Backup your wedding photographs
I was prompted to think about this over the last couple of days following an email from a former client who wondered if I’d be able to re-instate a folder of her photographs into Dropbox so that she could share the link with some family who she had originally missed out – presumably she asked me do this as she didn’t have access to the folder any more.
This made me ask the question, “How diligent are the brides and grooms that I work with at backing up their images?” Like many good wedding photographers, I am absolutely paranoid about making sure that your images are safe from the moment that I’ve taken them through to you confirming that you’ve received them from me, be it on disc, USB stick or via download. In this post I’m going to start off talking about how I ensure that your images are secure and then move on to share some thoughts about how you can look after them well into your old age!
Let’s start at the beginning of the imaging chain – in camera. The cameras that I use have two card slots and as I take the photographs they are simultaneously written to both memory cards, creating an instant backup. I replace my memory cards every two years – throwing away 200 gigabytes of high speed memory cards isn’t much fun, but (touch wood…) I’ve never had a memory card failure and it seems a relatively small price to pay.
After your wedding, I get back to my home / hotel and import your wedding photographs into my Macbook that night. Once they’re in the computer they are then copied across to a portable hard drive and that is then locked in the car glove box. Only at this point will I format the memory cards ready for my next job. Why does the portable hard drive go in the car? The computer is in the house and I work on the basis that it’s unlikely that my house will be broken into and my car stolen on the same day – that would be more than bad luck. There are other scenarios that also come to mind, probably the most devastating being fire. I live in an old timber-framed cottage and there’s a lot of wood in the building. If there’s a fire, I want to be worrying about getting my family out of the house, not scrabbling about for computer equipment!
With the advent of good, high speed broadband, I’ve also started using a ‘cloud’ backup system and once I’m happy with that and have done a couple of trial restores, I’ll probably ditch the portable hard drive, safe in the knowledge that I will be able to access the backup of your wedding photos from anywhere in the world.
Your requirements are going to be slightly different to mine – in addition to wanting to make sure that you have a safe, accessible back up of the high resolution colour files, you’re also going to need to keep an eye on how technology develops over the next 30 or 40 years. It’s hard to imagine right now, but one day, those jpeg files could well be the equivalent of Super 8 or VHS and there aren’t many of us who can still look at movies in those formats today!

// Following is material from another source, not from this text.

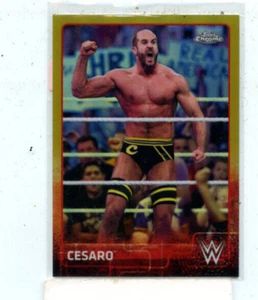 CESARO 2015 Topps Chrome WWE Gold Refractor #D /50 Cesaro #14 - Picture 1 of 1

So what do I suggest for you… As an absolute minimum, make a second copy of the high resolution colour files that I send to you and store them offsite: pop them on a USB stick and leave it with a family member who lives elsewhere. All types of memory can lose efficacy over time so I’d also suggest that you create a brand new USB stick / set of discs at least every 5 years. Remember – this a minimum recommendation. Why not do it every fifth anniversary? Look through your photos with a glass or two of champagne and then create a fresh backup.
Better still pop the photos into a cloud storage solution. Dropbox and iCloud, although free, only have limited storage and there may not be enough room for them. Google drive currently let’s you have 20GB free of charge so that’s one option. I’ve just started to use Backblaze and for $5 per month, I get automatic, unlimited backup of everything on my computer, it runs in the background and if I change a file, it will also keep the previous version(s) for 30 days. For the equivalent of about £3 per month it’s a no-brainer. If you go down the Backblaze route, remember to assign your account to the new computer when you update your machine.
Now, that other issue of changing formats. There’s no hard and fast rule here as I don’t have a crystal ball that will let me see how we’re going to be viewing wedding photos in 40 years time – 40 years ago, you had an album with 20 group photos against the same background and 1 image of the happy couple grimacing next to a wedding cake – time’s moved on and it will continue to do so! I think that the key thing is to remember that when a new format starts to take hold, there will be cheap, effective solutions available to convert existing image formats – there are billions upon of billions of jpeg images in the world at the moment and most people are going to want to hang on to them in some shape or form. You just have to be diligent and take the time to do it.
I hope that there are some useful things in this post and with a bit of luck you’ll still be enjoying your wedding photos in 50 or more years time.